DATA SEGMENT:
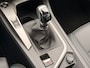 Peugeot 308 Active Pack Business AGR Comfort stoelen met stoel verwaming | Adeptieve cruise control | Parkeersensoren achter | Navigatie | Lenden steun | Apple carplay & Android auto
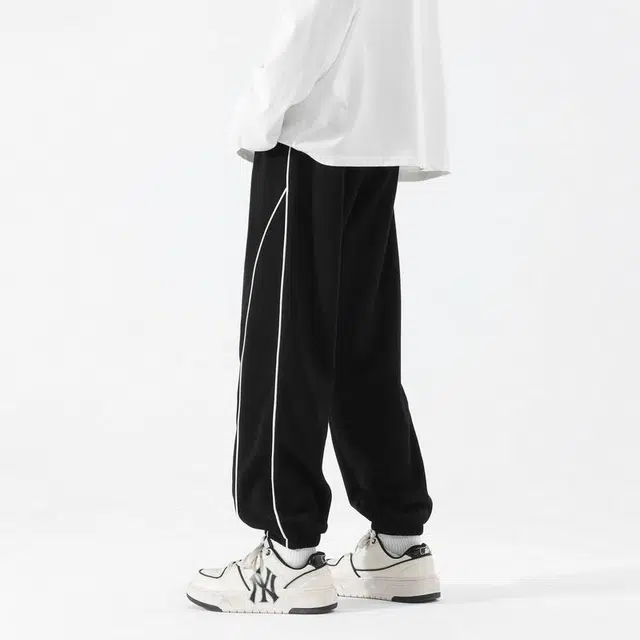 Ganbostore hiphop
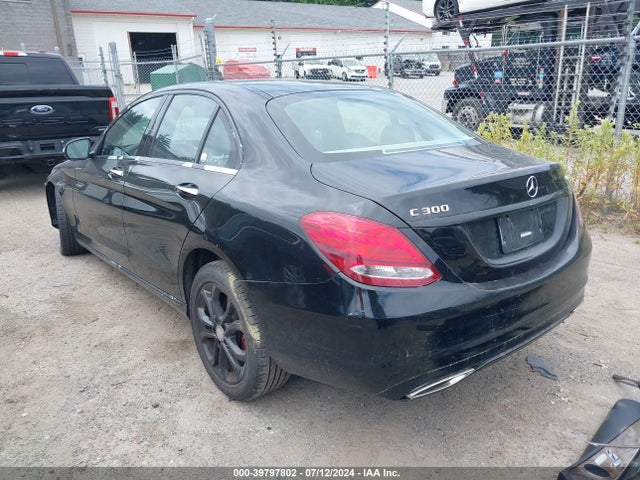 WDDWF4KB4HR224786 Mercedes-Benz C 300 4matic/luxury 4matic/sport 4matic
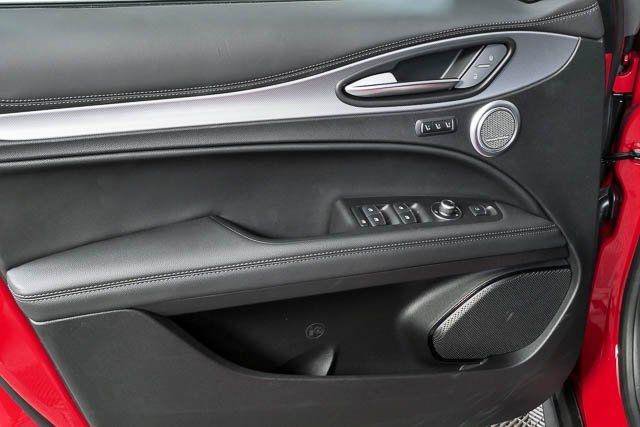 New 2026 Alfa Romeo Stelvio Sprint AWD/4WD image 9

WORK INSTRUCTIONS: All lines from the line containing "Ganbostore hiphop" through the end of the listing above are to be given again exactly; pictures are not part of the copy.

FINISHED TASK:
 Ganbostore hiphop
 WDDWF4KB4HR224786 Mercedes-Benz C 300 4matic/luxury 4matic/sport 4matic
 New 2026 Alfa Romeo Stelvio Sprint AWD/4WD image 9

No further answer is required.